Поговорим об этом. Призвание! Возьмем пример. В десять - двенадцать лет ты, конечно, был уверен, что станешь моряком, открывателем новых земель, потому что ты страстно любил рассказы о приключениях. Теперь ты научился шевелить мозгами и улыбаешься, вспоминая свои ребячества. Знай же, что в шестнадцать, в семнадцать лет тебя подстерегают совершенно такие же заблуждения. Будь бдительным, не доверяй своим склонностям. Не воображай слишком скоропалительно, что ты художник или человек действия или что ты жертва большой любви только потому, что ты не раз восхищался в книгах и в жизни поэтами, великими созидателями и влюбленными.
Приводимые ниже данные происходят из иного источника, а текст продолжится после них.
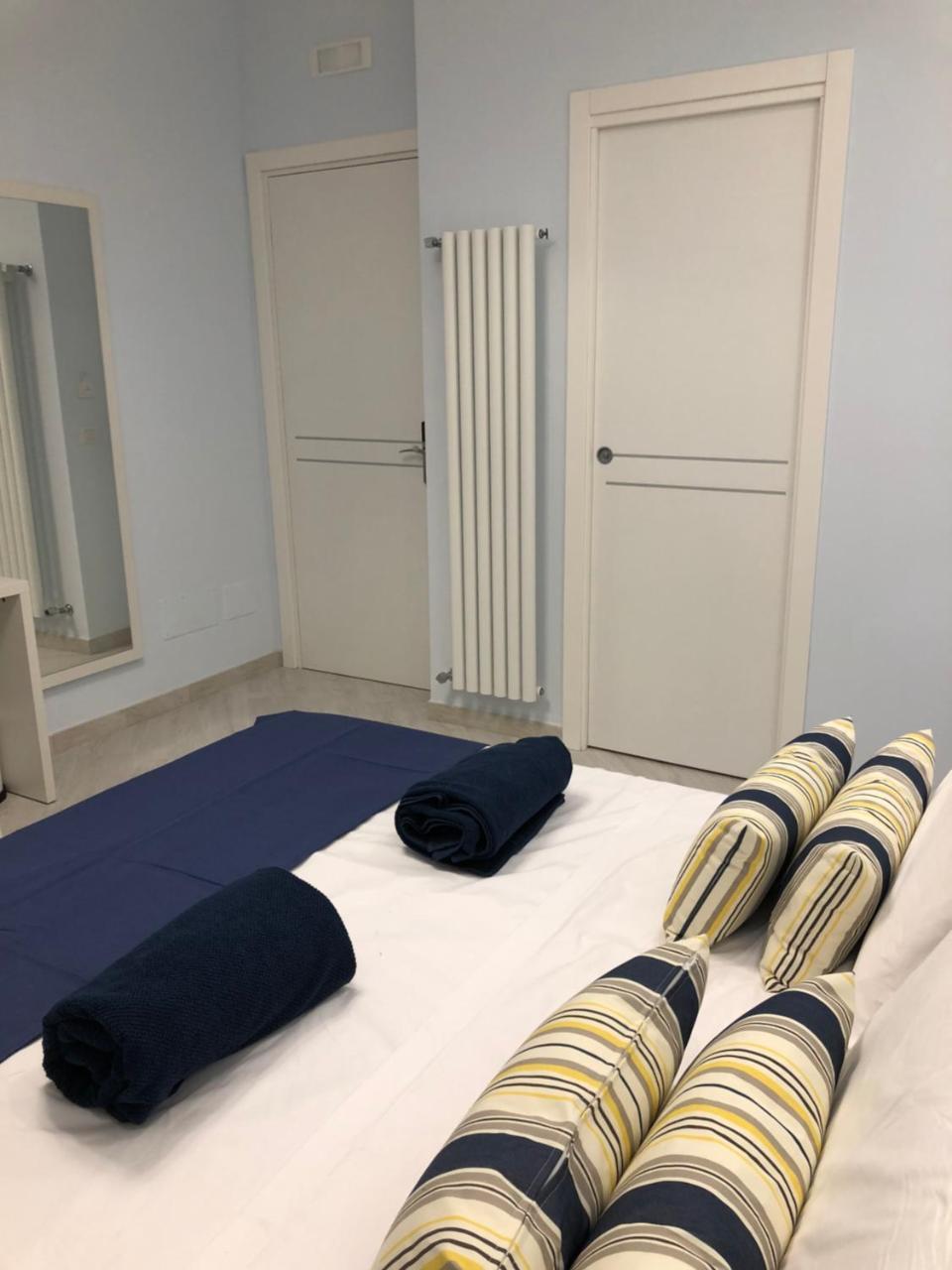 Maison Claudette Toledo Napoli Bagian luar foto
Терпеливо отыскивай в себе то, что составляет сущность твоего "я". Попытайся постепенно раскрыть свою подлинную личность Нелегко это. И многим если удается, то слишком поздно. А многим и вообще не удается. Но время у тебя есть, не торопись. Ты долго будешь идти ощупью, прежде чем узнаешь, кто ты. Но когда ты найдешь самого себя, тогда быстрее сбрось чужие одеяния. Заметь, где предел твоих возможностей, и таким, каков ты есть, прими себя. И тогда приложи все усилия, чтобы развитие шло в соответствии с твоим назначением, шло здорово, без плутней с самим собой. Ибо познать себя и принять - это вовсе не значит обречь себя на пассивность, отказаться от самосовершенствования. Совсем напротив! Это значит не упускать ни одного шанса достичь своего "максимума", ибо отныне ты устремишься по верному пути, по тому пути, где плодотворны все усилия. Расширяй границы своего "я" как только можешь. Но только лишь границы естественные и только тогда, когда ты обнаружишь, каковы они. Неудача постигает чаще всего тех, кто с первого шага не понял себя, обманулся и кинулся по чужому следу; или тех, кто, избрав правильный путь, не сумел или не отважился держаться в рамках возможного для них.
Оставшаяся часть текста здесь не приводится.